### INFORMATION GIVEN
○ ○ ○ ○

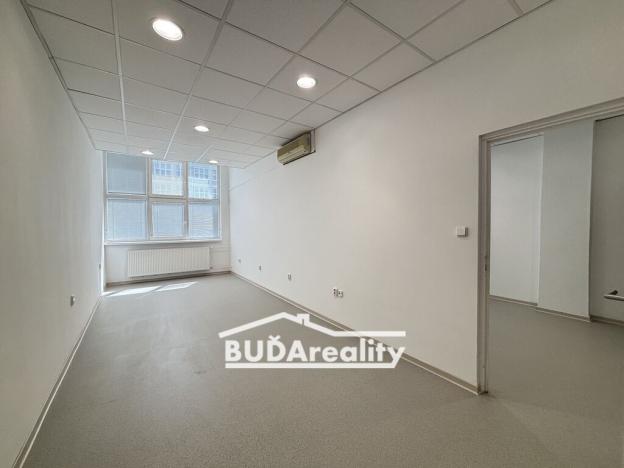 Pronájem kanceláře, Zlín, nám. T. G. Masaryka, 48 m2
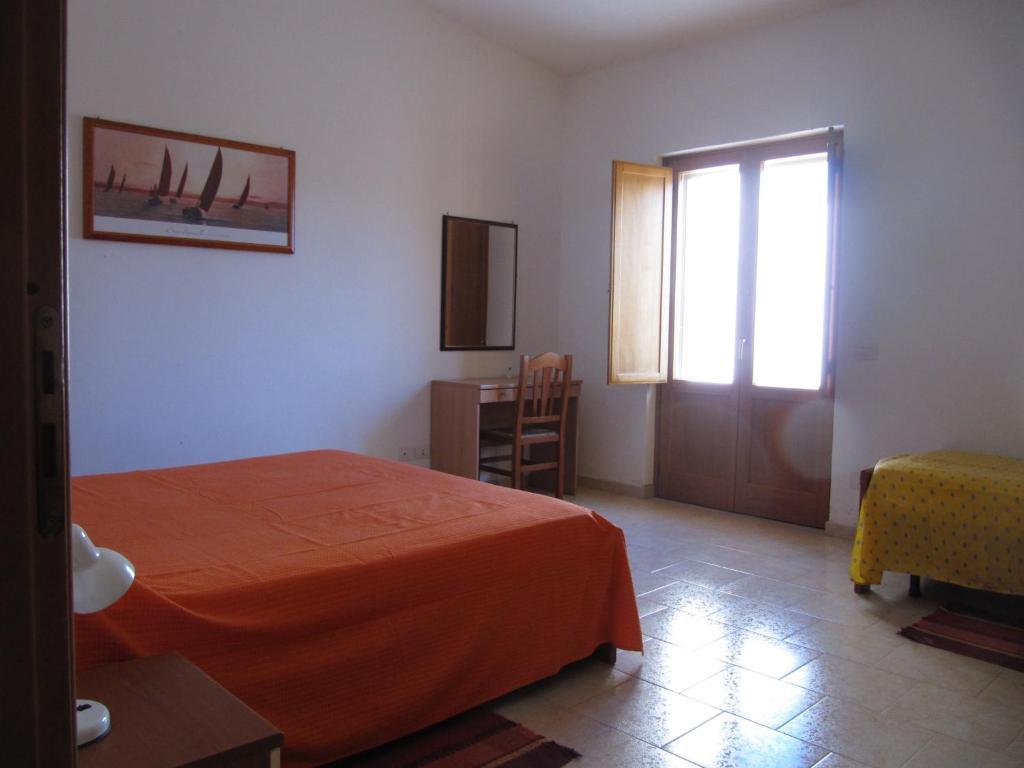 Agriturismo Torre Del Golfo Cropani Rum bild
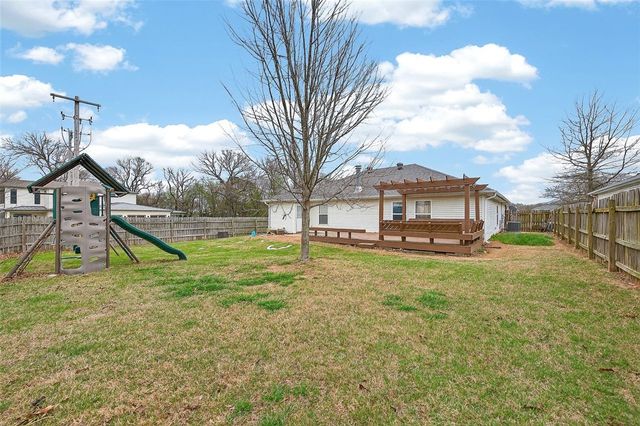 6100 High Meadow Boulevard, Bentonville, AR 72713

○ ○ ○ ○

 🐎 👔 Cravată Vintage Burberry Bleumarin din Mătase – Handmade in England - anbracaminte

○ ○ ○ ○

### TASK TO CARRY OUT
An exact copy of the lines above from the one with "Pronájem kanceláře, Zlín, nám." up to and including the one with "6100 High Meadow" is required; reproduce only those lines, omitting all pictures.

### SOLUTION TO THIS EXERCISE
 Pronájem kanceláře, Zlín, nám. T. G. Masaryka, 48 m2
 Agriturismo Torre Del Golfo Cropani Rum bild
 6100 High Meadow Boulevard, Bentonville, AR 72713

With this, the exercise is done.